The two men were subsequently found guilty of forging works attributed to Banksy. McLaren, the only creator of the original Sex and Seditionaries garments willing to testify, was called on to examine the seized items and pinpointed the clues that the garments were fakes: the unfaithful sizing of stencil letters, inconsistent fabrics, use of YKK rather than Lightning brand zippers, incorrect graphic juxtapositions and white T-shirts dyed to look old.

“He was outraged,” Kim said. “He felt very strongly about protecting and defending his work. It was precious to him.” After the partnership between McLaren and Westwood was dissolved in 1984, the two had a long and high-profile feud that was never resolved, and the tension created a vacuum for forgers.

Howard and Parker received a suspended sentence in the Banksy case, but the case concerning the fake clothing was dropped when McLaren died, in 2010, as he was the key witness for the prosecution in this area.

As it turns out, however, Westwood’s family may have inadvertently created or fueled the industry around fake punk. “I created limited-edition runs of some early designs to raise capital to launch Agent Provocateur,” said Joe Corré, the son of McLaren and Westwood, who opened his lingerie business in 1994.

“We re-created T-shirts with chicken bone lettering and the studded ‘Venus’ T-shirts,” Corré said. “They were labeled limited-edition replicas, made in editions of 100, and sold to the Japanese market.” Before these detailed and expensive replicas appeared, copies of the work were restricted to obvious screen-prints on wholesale T-shirts, produced quickly and sold fairly cheaply.

Corré said Westwood authorized the reproductions. McLaren was angry. In an email dated Oct. 14, 2008, directed to a group including journalist Steven Daly, who was researching a potential story on fake punk clothes for Vanity Fair, McLaren wrote, “Who had given them this permission?

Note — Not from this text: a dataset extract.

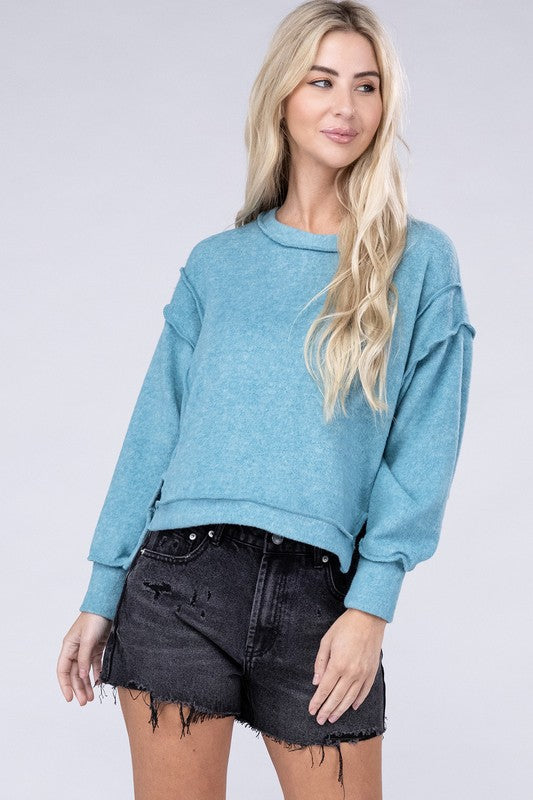Brushed Melange Hacci Oversized Sweater - Ivy & Lane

I told Joe to stop immediately and wrote to him. I was furious.”

Corré recently became a director of the Vivienne Foundation, “to sympathetically exploit copyright of her work to raise money for various causes.” He said he will be exploring how to “bring an end” to the fakes. Kim continues to fight for McLaren’s legacy and believes he is being airbrushed repeatedly out of his own history.

Easton and Bowey’s Punk Pistol enterprise continues to sell pieces attributed to Westwood and McLaren via the Etsy store SeditionariesInTheUK, much of it with letters of authentication from the Vivienne Westwood Co., signed by Murray Blewett, the design and archivist manager. These include a striped shirt with a Peter Pan collar and an upside-down silk Karl Marx patch, and a Levi’s-style rubberized cotton jacket.

The internet is less stringent than most of the auction houses, which would not comment for this article but say they represent only pieces that come with bulletproof provenance — namely, photographs of the owner wearing the clothes in the 1970s.

As long as there’s a market, there will be forgers.

“It’s important to understand that a lot of the victims of the fakes are willing victims,” Gorman said. “They desperately want to believe they are part of the original story — which is what fashion is all about anyway, isn’t it? It’s all driven by aspiration.”